## GIVEN DATA:
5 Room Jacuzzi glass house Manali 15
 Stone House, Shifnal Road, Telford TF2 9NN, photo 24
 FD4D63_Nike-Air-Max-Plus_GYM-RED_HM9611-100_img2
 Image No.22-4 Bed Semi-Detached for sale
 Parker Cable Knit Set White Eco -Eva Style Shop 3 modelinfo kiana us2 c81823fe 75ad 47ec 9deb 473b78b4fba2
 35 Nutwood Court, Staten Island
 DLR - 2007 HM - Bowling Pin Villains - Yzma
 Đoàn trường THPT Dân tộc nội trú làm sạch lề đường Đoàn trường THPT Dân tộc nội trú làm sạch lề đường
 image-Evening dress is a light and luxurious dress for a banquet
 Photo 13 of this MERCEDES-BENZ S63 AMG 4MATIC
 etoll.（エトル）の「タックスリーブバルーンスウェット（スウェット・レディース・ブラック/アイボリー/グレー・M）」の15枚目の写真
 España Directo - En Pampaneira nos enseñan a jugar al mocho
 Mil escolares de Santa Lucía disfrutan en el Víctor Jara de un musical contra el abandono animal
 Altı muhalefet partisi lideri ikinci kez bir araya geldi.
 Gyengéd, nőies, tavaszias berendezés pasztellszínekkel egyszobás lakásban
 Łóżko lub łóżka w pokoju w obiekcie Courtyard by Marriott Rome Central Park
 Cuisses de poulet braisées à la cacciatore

## REQUIREMENT:
Set down, from the entries above, exactly the lines from the one with "Parker Cable Knit" up to and including the one with "Photo 13 of", and no other lines.

## WRITTEN RESPONSE:
 Parker Cable Knit Set White Eco -Eva Style Shop 3 modelinfo kiana us2 c81823fe 75ad 47ec 9deb 473b78b4fba2
 35 Nutwood Court, Staten Island
 DLR - 2007 HM - Bowling Pin Villains - Yzma
 Đoàn trường THPT Dân tộc nội trú làm sạch lề đường Đoàn trường THPT Dân tộc nội trú làm sạch lề đường
 image-Evening dress is a light and luxurious dress for a banquet
 Photo 13 of this MERCEDES-BENZ S63 AMG 4MATIC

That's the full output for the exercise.